Space and Sensation: Zoé Degani’s Art of Pluralising Signs Onstage

This presentation assumes that “art thinks no less than philosophy, but it thinks through affects and percepts” (Deleuze and Guattari 1994, 66). Artists do not only think the world, but also necessarily create worlds. Analysing the creation process of Brazilian artist and set designer Zoé Degani, whose practice couples her work and life inextricably, this proposal intends to offer an insight into her universe and its many worlds.

Working in the south of Brazil, in a specific context where scarce funds and precarious theatres do not support a profession and from a genuine environmental consciousness, Degani has built a career pinching scraps, as well as necessarily reinventing skills. This particular way of creating and thinking her work, re-signifies objects exhausted by consumerist objectivity, impresses forces upon spaces, walls, floors and structures, thus revealing a molecular theatrical quality that escapes its specificity, composed in a visual and pictorial language. Furthermore, her work presents a proliferation of signs: radiographs, keys, dolls, basins (which are “urban shells” for this artist who grew up on a beach), chairs, flowers, and bandages, among other recurrent elements thought of as a personal casting of pieces. Throughout, from performance to sculpture, from installation art to video, from public space to the stage, those signs impel performers’ bodies to athleticism through scenic objects, most of the time built from materials with no further use. The violence of encountering requires from her audience an action of deciphering. For instance, in The Bath (a dance play deployed from an already plural installation art), a giant tube was both the wave that danced with the performers putting their bodies at risk, as well as the presentification of the dry tubes from a civilisation without water. Although the object sustains a representational role and is what it actually is, its presence is more powerful than its meaning. Spectators (witnesses) sitting on tons of coarse salt experience the feeling of dryness: the lack of water is made actual through spatial sensations, not the representation of an illusion.
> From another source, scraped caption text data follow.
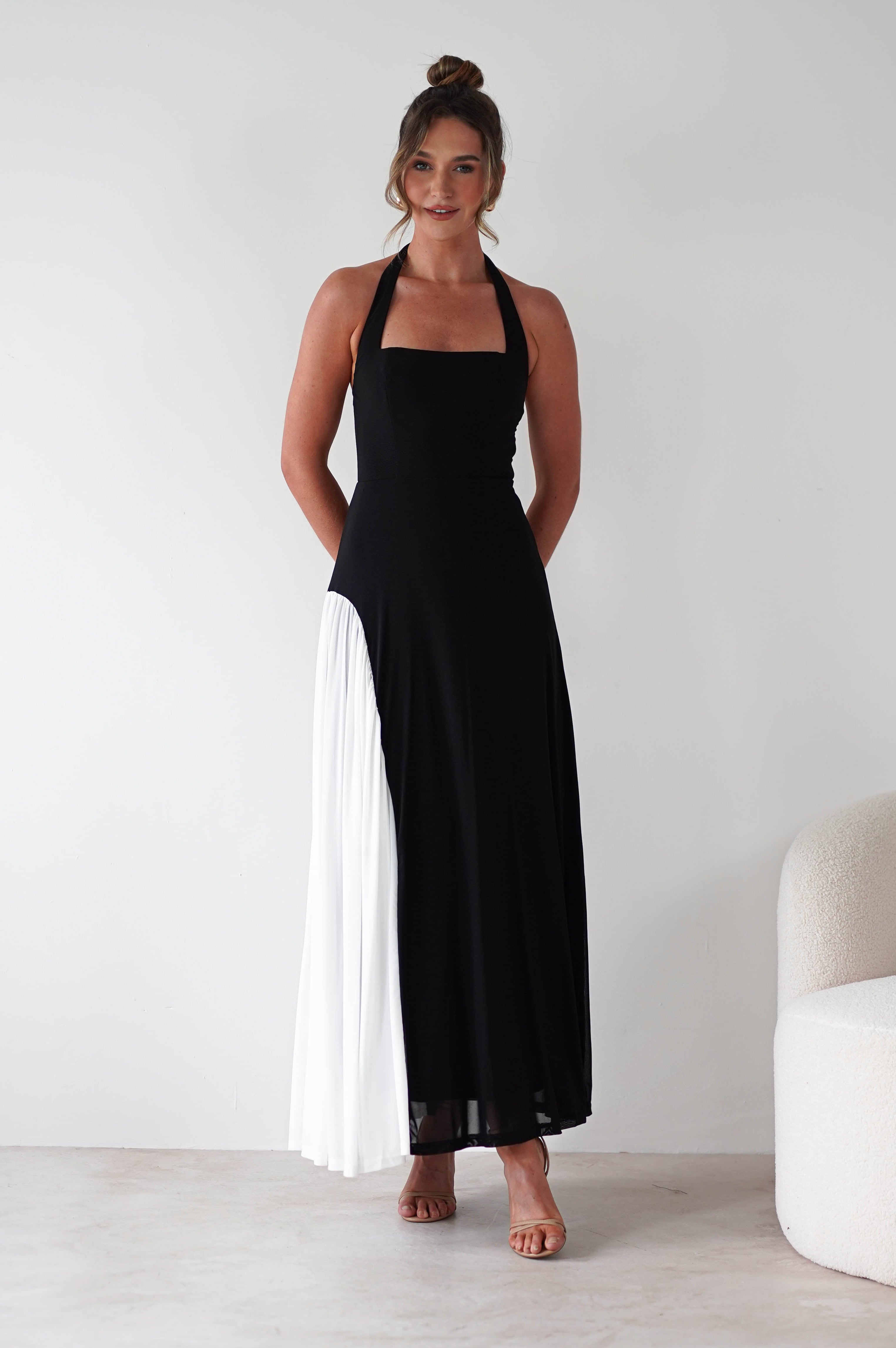 Unika Halterneck Maxi Dress | Black/White | Oh Hello Clothing | XS (6)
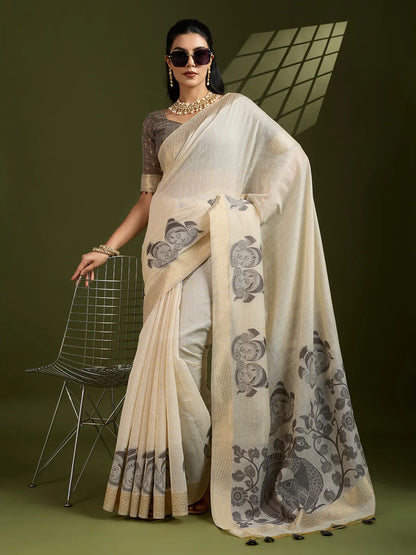 Morni- Elegant Handwoven Muga Cotton Saree with Pastel Motifs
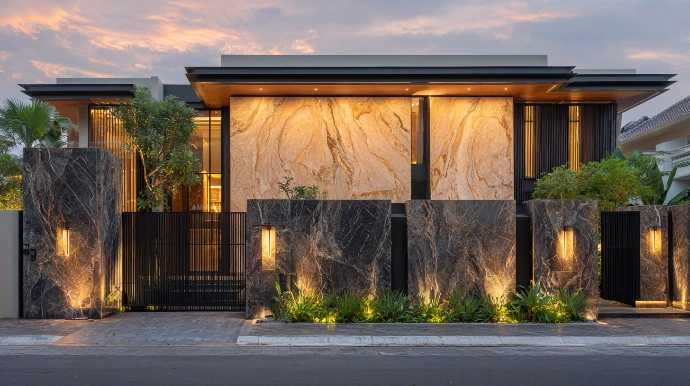 modern Malaysian bungalow exterior, dramatic large format sintered stone slabs covering entire facade wall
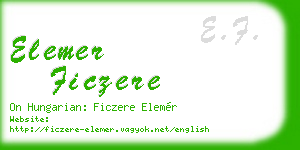 elemer ficzere business card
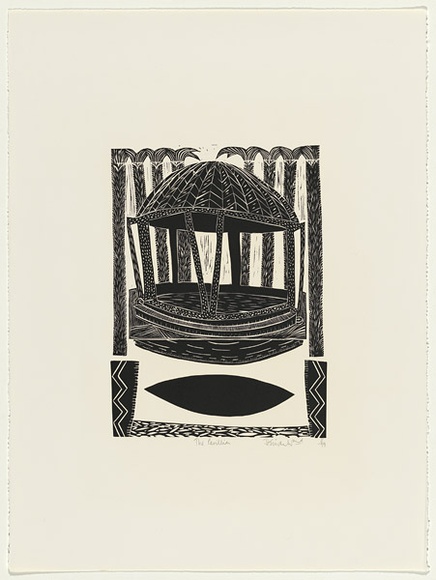 Artist: b'Kirwan-Ward, Jeremy.' | Title: b'The pavilion' | Date: 1988 | Technique: b'linocut, printed in black ink, from one block' Artist: b'Kirwan-Ward, Jeremy.' | Title: b'The pavilion' | Date: 1988 | Technique: b'linocut, printed in black ink, from one block'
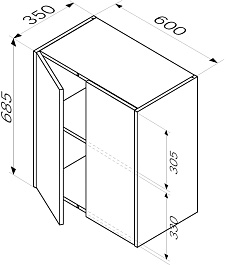 Am.Pm Навесной шкаф Func 60x70 темное дерево – фотография-6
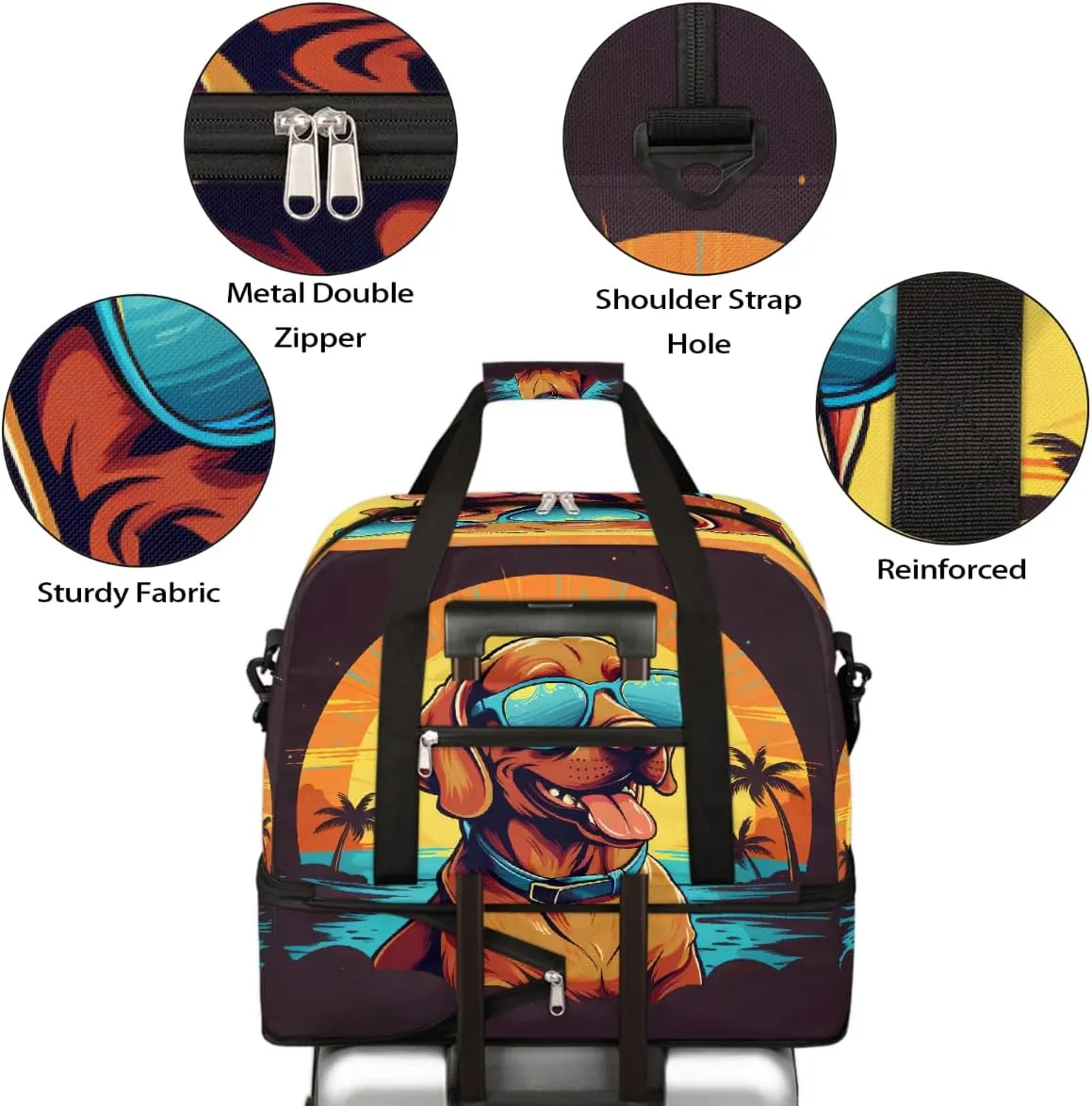 Sports Gym Bag Landscape Tree Dog Large Travel Duffel Bag With Shoe Compartment Foldable Waterproof Carry-On Weekend Travel Bags for Camping Overnight Yoga Hospital Travel Bags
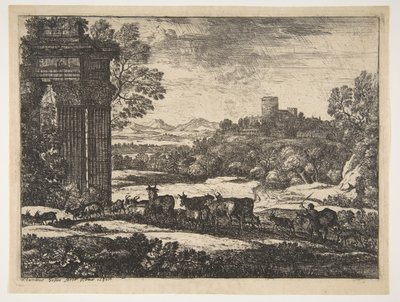 De kudde keert terug in stormachtig weer door Claude Lorrain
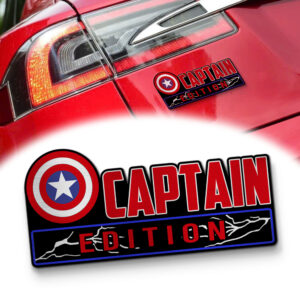 Captain America Edition Laser Engraved Car Name Badge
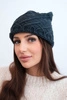 Women's winter wool hat with decorative knit K403 graphite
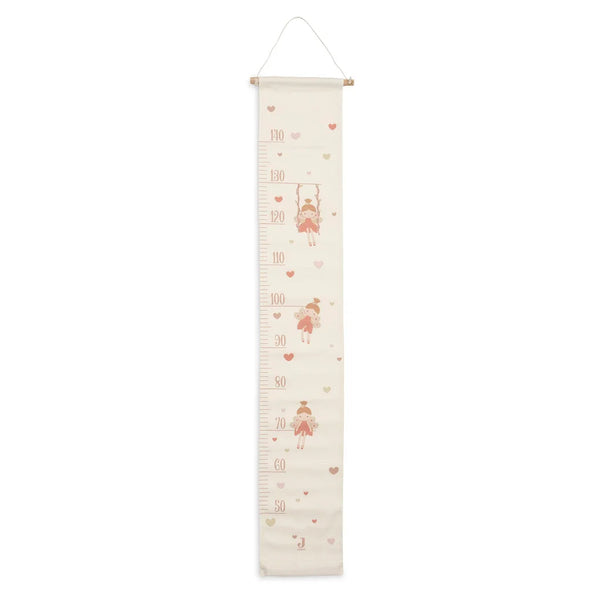 Toise murale enfant Soft Plumes Jollein en coton, 120 x 20 cm, idéale pour suivre la croissance de votre enfant tout en décorant sa chambre.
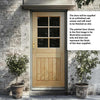 Stable 6L Oak Back Door - Clear Double Glazing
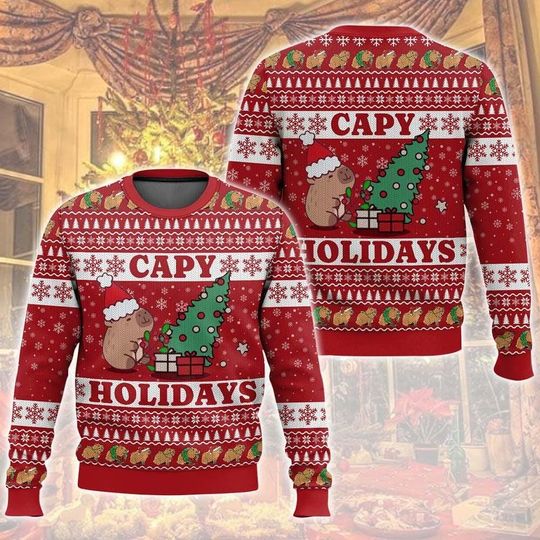 Discover Capy Holidays Capybara Christmas Ugly Sweater, Ugly Xmas Sweater, Funny Holiday Sweater, Capybara Shirt, Animal Pet Lover Gifts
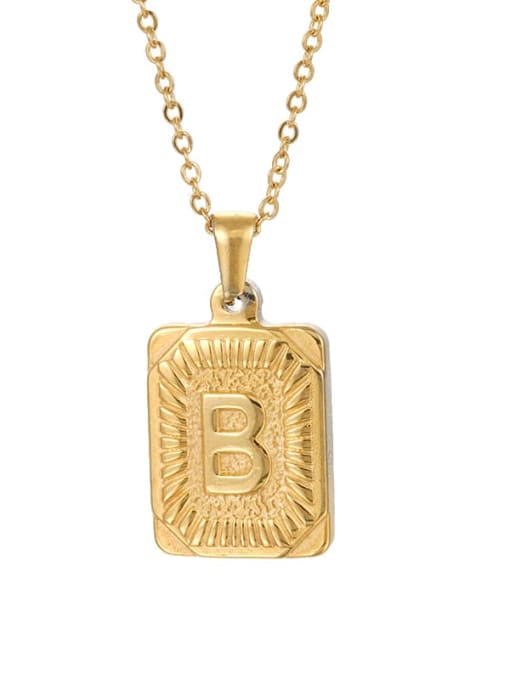 Golden B Stainless steel English Letter  Vintage Square Pendant Necklace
Degani’s signs go beyond semiology. Although a reading can be traced, they are a force opposing referentiality. In a complex arrangement of the visual and the manual, coupling the imagery and structural, bodies and objects, the undeniable concreteness of the material and the whole possibilities of its derivations, her compositions have a precise maths, physics, and geometry in their making as well as a thrust of human sensation. Before helping a character on stage, Degani’s pieces make the human figure appear: they are prosthesis or machines to athleticism, they put bodies in a state of becoming. Through manipulating places and creating objects, the “saturation of every atom” is noted as a composing operation. An example is the spatial composition for The Lesson (Ionesco), which works as the student’s suffering, allowing it to fit in a mutilated doll, in a torture chair; the space, more than representing oppression, was its real configuration, through columns dressed in corsets, through the children’s heads stuck inside a blackboard. This material operations cross scenes, resign dancer’s movements, relativise dramatic texts, and pluralise sensations. There are layers of reading, of composing, of signs. Out of the stage, which depicts a public space fixed under an overpass, The Sky, is a visual composition crossing real life, clouds contradicting concreteness. ‘In her “previous-scenic” work, the triad life-death-rebirth was a frequent theme bringing to surface the inevitable passage of time. After all, what this oeuvre do is to take the present from all representation.


Deleuze, Gilles, and Félix Guattari. 2004. A Thousand Plateaus: Capitalism and Schizophrenia. Translated by Brian Massumi. London: Continuum.